STORED DATA |
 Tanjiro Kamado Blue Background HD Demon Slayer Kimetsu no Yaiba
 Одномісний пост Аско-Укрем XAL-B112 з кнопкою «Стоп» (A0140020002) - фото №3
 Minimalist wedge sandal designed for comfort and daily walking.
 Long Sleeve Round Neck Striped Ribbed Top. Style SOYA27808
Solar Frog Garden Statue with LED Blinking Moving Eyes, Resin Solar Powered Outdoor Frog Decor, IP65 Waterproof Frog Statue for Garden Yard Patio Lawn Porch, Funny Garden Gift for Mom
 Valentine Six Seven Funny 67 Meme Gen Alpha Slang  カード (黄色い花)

...

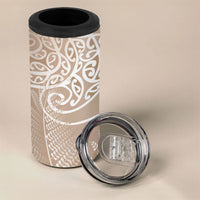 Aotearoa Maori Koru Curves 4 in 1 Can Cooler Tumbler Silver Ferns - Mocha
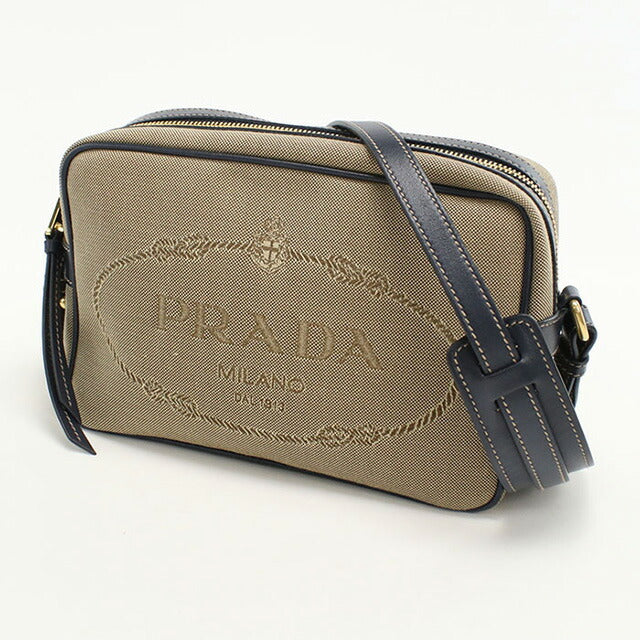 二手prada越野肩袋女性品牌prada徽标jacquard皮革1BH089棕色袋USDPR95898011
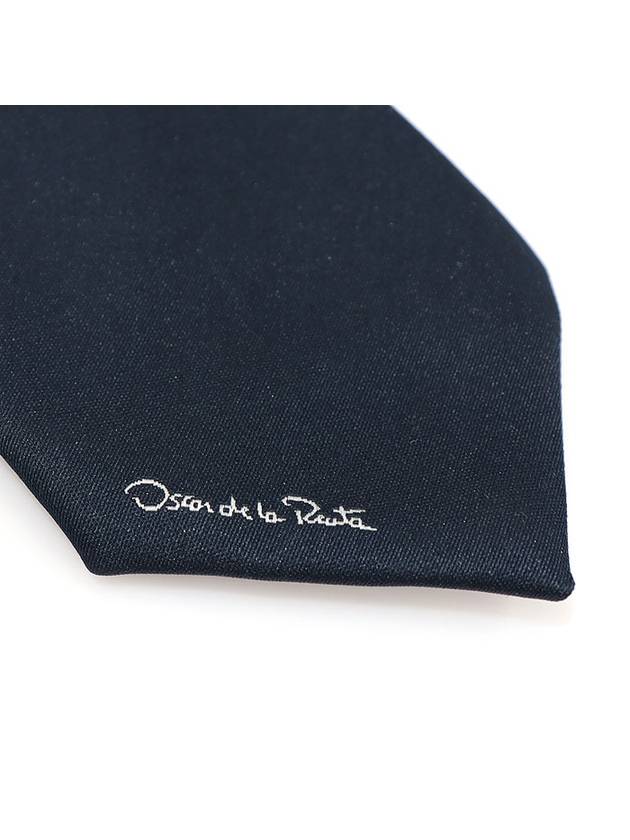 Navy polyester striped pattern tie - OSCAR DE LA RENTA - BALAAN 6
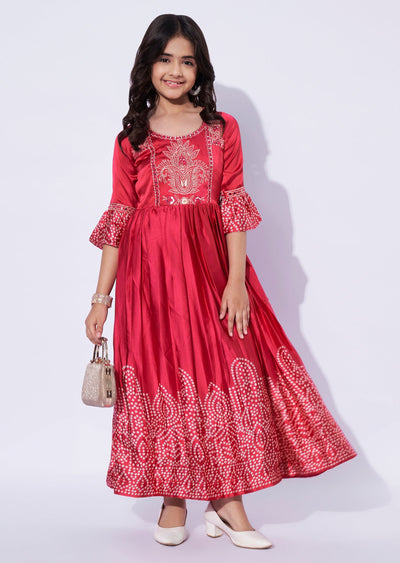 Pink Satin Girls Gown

EXERCISE REQUIREMENTS |
Take the lines above from the one containing "Одномісний пост Аско-Укрем" to the one containing "Valentine Six Seven" and retype them exactly, both ends included, with nothing added.

ANSWER BOX |
 Одномісний пост Аско-Укрем XAL-B112 з кнопкою «Стоп» (A0140020002) - фото №3
 Minimalist wedge sandal designed for comfort and daily walking.
 Long Sleeve Round Neck Striped Ribbed Top. Style SOYA27808
Solar Frog Garden Statue with LED Blinking Moving Eyes, Resin Solar Powered Outdoor Frog Decor, IP65 Waterproof Frog Statue for Garden Yard Patio Lawn Porch, Funny Garden Gift for Mom
 Valentine Six Seven Funny 67 Meme Gen Alpha Slang  カード (黄色い花)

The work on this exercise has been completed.